New Year’s Day Sunrise

1 January, 2016. This is a lightning fast sketch – man, the light was changing fast! Nevertheless, the dramatic shadows across the snow caught my attention as the sun crested the horizon this first morning of 2016. The sketch doesn’t do the location justice: it’s just a fleeting glimpse, but I was happy to be there to see it happen.

By the way, I go through stages where I simply do not have the patience to paint in watercolor on location. This morning was one of those times. Despite the chill, water dried too fast on the shadows leaving them with a sketchy appearance – which bugs the living hell out of me. Also, those blues are a little too blue – they should have the tiniest bit of violet in ’em and that also have me reacting in an OCD sort of way. I know it’s silly to get hung up on a fifteen minute sketch, but there you have it folks: I sometimes do.

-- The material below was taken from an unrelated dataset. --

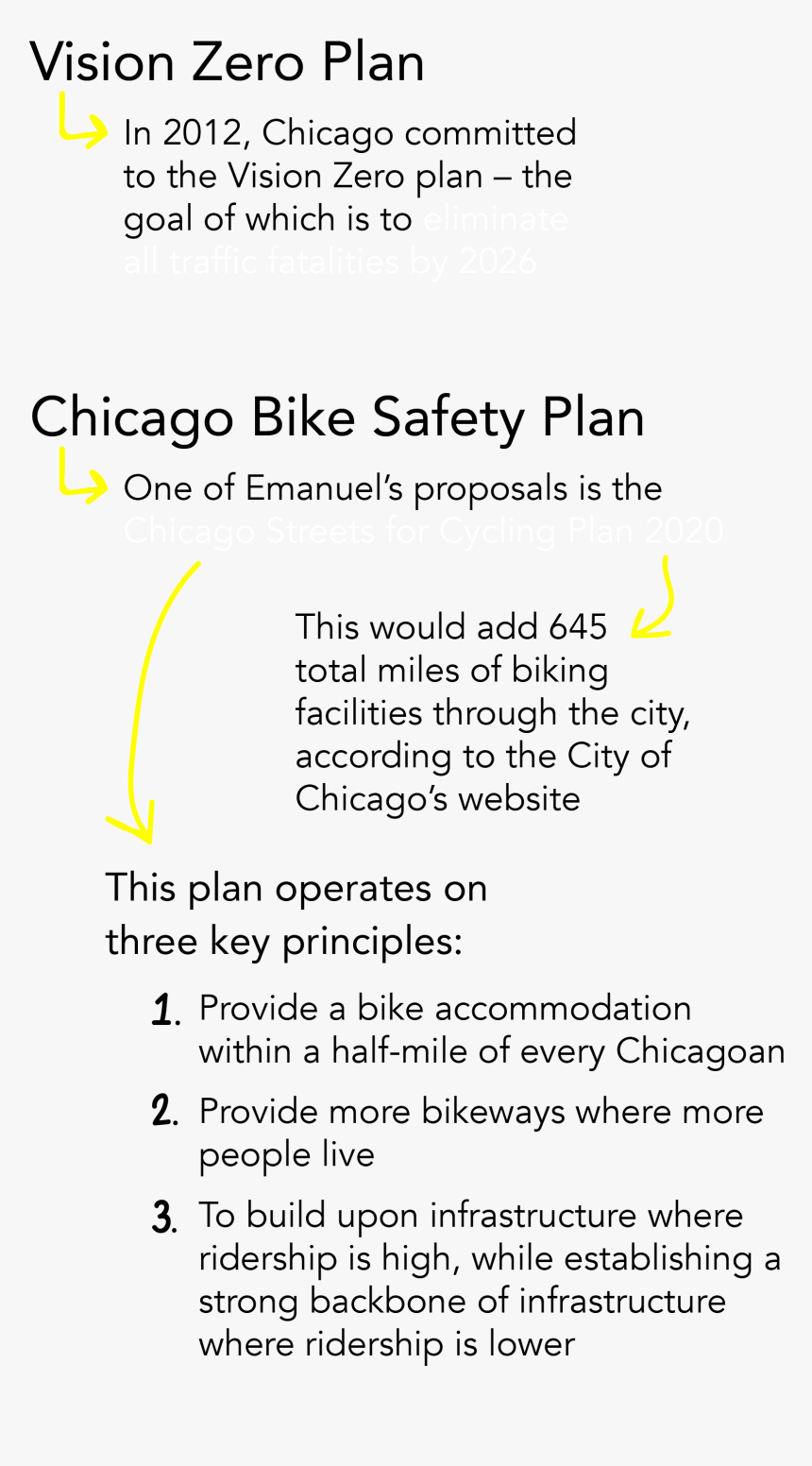 Screenshot, HD Png Download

For some reason, painting in oils – well, oils never affect me the same way. I know up front when I’m painting en plein air with oils that I’ll be on location for about an hour or so, start to finish. Perhaps because I’m already working on some sort of internal timer to begin with, I’m more self-forgiving.

OK, enough with the psychoanalysis already. Time to check the forecast to see if I can spend more than fifteen minutes outdoors painting today. (Watercolor in Moleskin watercolor journal, Clay County, Missouri.)